● Assignment:
Only the lines from the one containing "Homeroots 9' X" to the end of the data below belong in the answer, each repeated exactly; no pictures.

● Dataset section:
+ + + + + + +

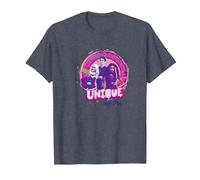 Disney Zombies 3 Seabrook High School Group Shot Camiseta, Hombre, Azul Jaspeado, S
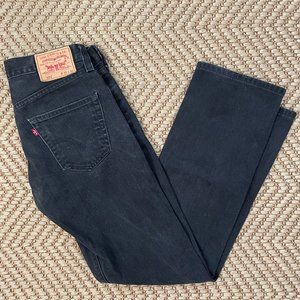 Levi's 501 Straight Leg Jeans - Black - Men 30x32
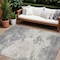Homeroots 9' X 12' Gray And Beige Abstract Washable Indoor Outdoor Area Rug 599500 - alternate 1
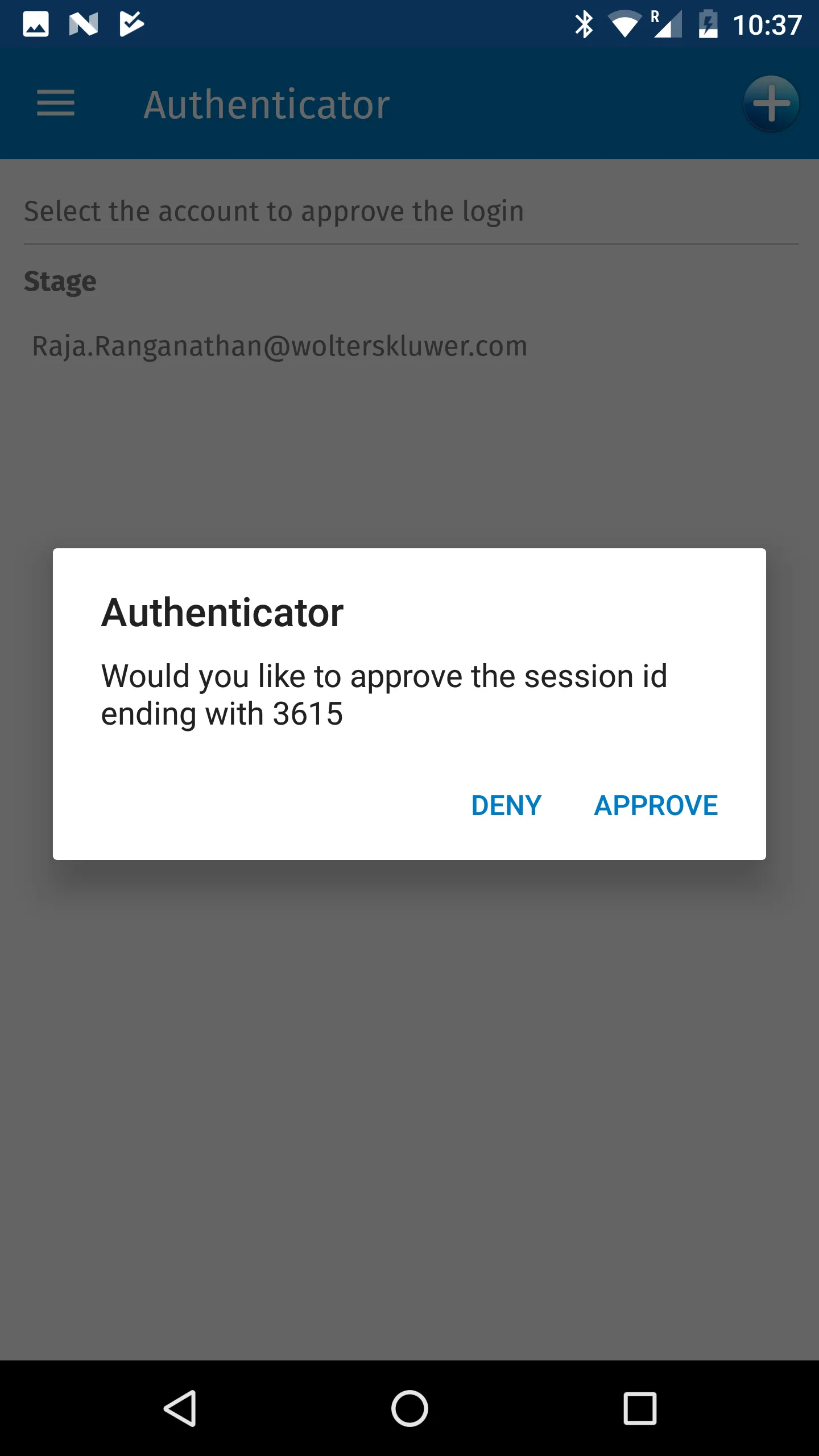 Wolters Kluwer Authenticator | Indus Appstore | Screenshot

+ + + + + + +

● Result of the task:
Homeroots 9' X 12' Gray And Beige Abstract Washable Indoor Outdoor Area Rug 599500 - alternate 1
 Wolters Kluwer Authenticator | Indus Appstore | Screenshot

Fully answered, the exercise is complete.